Per-chunk manifest with (min_ts, max_ts). Skip non-overlapping chunks.

References

Lamb et al., “The Vertica Analytic Database” (VLDB 2012) — zone maps

RFC-002-09: PQ Codebook Initialization

Severity: MEDIUM | Effort: Medium

Problem

Sequential initialization from temporally ordered data biases centroids toward early observations.

Fix

k-means++ initialization: sample centroids proportional to $D^2(x)$ .

References

Arthur & Vassilvitskii, “k-means++: The Advantages of Careful Seeding” (SODA 2007)
Jégou et al., “Product Quantization for Nearest Neighbor Search” (IEEE TPAMI 2011)

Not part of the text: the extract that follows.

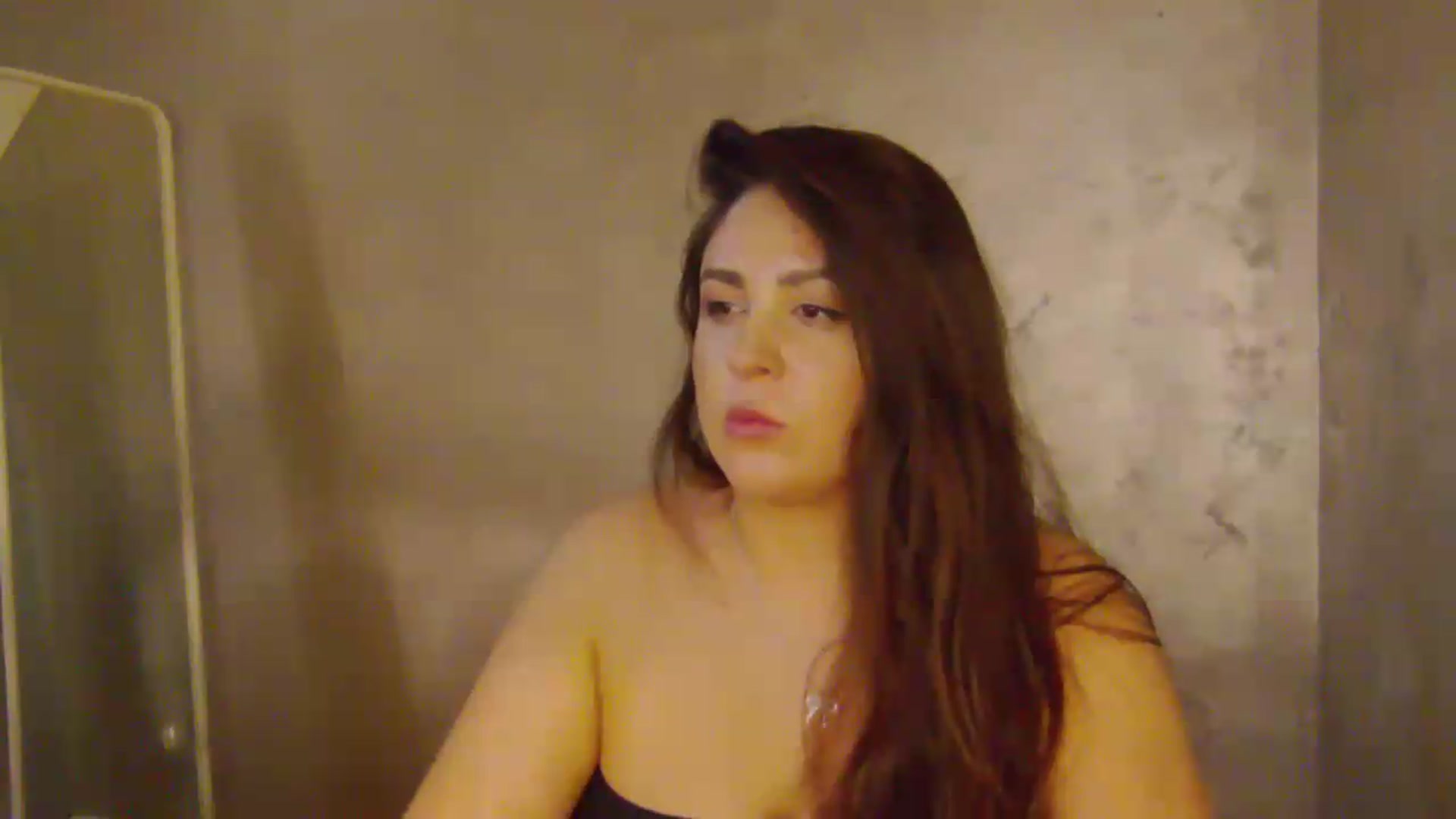 Gallery image thumbnail from NotVanilla's myfreecams stream on, 08/02/2026, 09:38 image 18 of 20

RFC-002-10: ODE Stiffness Detection

Severity: LOW | Status: Deferred

Dormand-Prince (explicit RK45) cannot handle stiff systems efficiently. Deferred until Neural ODE training (burn backend) is implemented.

References

Hairer & Wanner, “Solving ODEs II: Stiff Problems” (Springer, 2002)
Chen et al., “Neural Ordinary Differential Equations” (NeurIPS 2018)

Full Reference List

Arthur & Vassilvitskii. “k-means++: The Advantages of Careful Seeding.” SODA 2007.
Chen et al. “Neural Ordinary Differential Equations.” NeurIPS 2018.
Fu et al. “Fast ANN Search with the Navigating Spreading-out Graph.” VLDB 2019.
Ge et al. “Optimized Product Quantization.” IEEE TPAMI 2014.
Hairer & Wanner. “Solving Ordinary Differential Equations II.” Springer, 2002.
IEEE 754-2019. “Standard for Floating-Point Arithmetic.”
Jégou, Douze & Schmid. “Product Quantization for Nearest Neighbor Search.” IEEE TPAMI 2011.
Kidger. “On Neural Differential Equations.” PhD Thesis, Oxford, 2022.
Killick, Fearnhead & Eckley. “Optimal Detection of Changepoints with Linear Computational Cost.” JASA 2012.
Kreps, Narkhede & Rao. “Kafka: A Distributed Messaging System.” NetDB 2011.
Lamb et al. “The Vertica Analytic Database: C-Store 7 Years Later.” VLDB 2012.
Maidstone et al. “On Optimal Multiple Changepoint Algorithms for Large Data.” Statistics & Computing 2017.
Malkov & Yashunin. “Efficient and Robust ANN Using HNSW Graphs.” IEEE TPAMI 2018.
Pillai et al. “All File Systems Are Not Created Equal.” OSDI 2014.
Singh et al. “FreshDiskANN: Streaming Similarity Search.” arXiv 2023.
Subramanya et al. “DiskANN: Billion-point Nearest Neighbor Search.” NeurIPS 2019.
Zheng et al. “BtrBlk: Efficient B-tree Logging for Database Storage.” SIGMOD 2022.